Scriptures (what these words are called) were traditionally read only by specially delegated Priests. People would go to the temple to hear them being read. In fact, this would be the way of things well into the middle ages, long after the apostles had spread the gospel throughout the known world. For efficiency, and preservation, many letters sent to the early
churches by apostles were collected together with older Hebrew writings and bound into a large tome (by then referred to as the Holy Bible). These were slowly hand-copied and transcribed into Latin, a language unfortunately not understood by the everyday person. Like the Israelites centuries before who had lived for a time in exile without a place or worship or written scriptures to study, many believers had lost the ability to read, and to spiritually feed upon God’s teachings and lessons themselves.

Then a technological miracle happened. A man named Guttenberg invented the printing press which could print multiple copies of a single book. His first production: a Bible. God’s word was again available, more than ever before in history. It would still take several years for the first official modern English translation, the Tyndale Bible, to be produced. But it was a great start. The Bible has been the bestselling book in history since then. Today, after years of everyone needing a backpack to carry their big floppy New King James around, Life Church and Bobby Gruenewald’s YouVersion app feeds us the entire Bible – many translations – into the palm of our hand. This little invention changed the game almost as much as the printing press, and we’ll talk about its vast uses more in another article in this series.

Like the literal food we eat to stay alive, there is so much variety in how we can dive into scriptures today, and yet. And yet.

What’s your point with all this, Dan? Well, simple. It starts with this:

1 In the beginning was the Word,
and the Word was with God,
and the Word was God.
John 1:1 (NIV)

In John’s gospel, he refers to Jesus as the Word. Jesus Himself is the Ultimate Word. A heavy concept, but powerful image. If there is a direct connection between the words, stories in the Bible, and God Himself, and if you can come to know Him more fully by the words you read, then why not read?

What we put inside us gives us life. What we see and hear and think is just as important as the food we ingest. Why don’t more people devour God’s word? There are several possible reasons, and most would be opinion when it comes down to it. In short, however, many of us have been conditioned to believe it’s wrong to admit we don’t understand something, let alone question the meaning of something we hear “in church”. Worse, what if we disagree with what we’ve read?

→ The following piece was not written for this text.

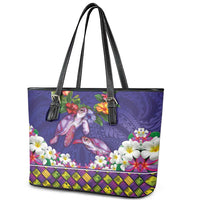 Hawaiian Lei Turtle and Plumeria Leather Tote Bag Polynerian Art Tattoo-Navy Color LT03 - Polynesian Pride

God’s big enough for a debate, not to worry. The early apostles infused their time together with fellow believers teaching God’s word. They literally met Him, but knew those who came after would not, and His Word and their experience was the one constant everyone had. It’s the same
constant we all have today.

Back to Amos. What would happen if a natural or manmade disaster wiped out the food supplies in our region? Suddenly, we’d feel real hunger. Every bite would be precious. What if tomorrow all of these lessons about God we could have poured into ourselves were taken away? In some countries that is exactly what is being attempted. We have the chance now, to feed ourselves on these unchanged lessons, and to personally get to know the Creator of the Universe more than anyone could have done in history! One word at a time. If there was a “too late” point, wouldn’t we want to get as much as we could into us now, even if we might not understand everything we take in yet?

This has nothing to do with what church, or home group, or the mission fields you might be a part of. This is the foundation, and the basic building block of an intimate relationship. Getting to know who the Other is, in order to grow in love. In the end, nothing in God’s Word is returned void, because He is the Word, and the Word is Him.

That’s the stump speech to get some of us more interested in giving this Bible thing another shot. In a few days, I’ll talk talk about ways to read with confidence, how to read with others, and of course all the cool avenues of reading we have these days. Honestly, though, there are no rules. If you’re a Christian in the wilderness, just read. And enjoy the bread.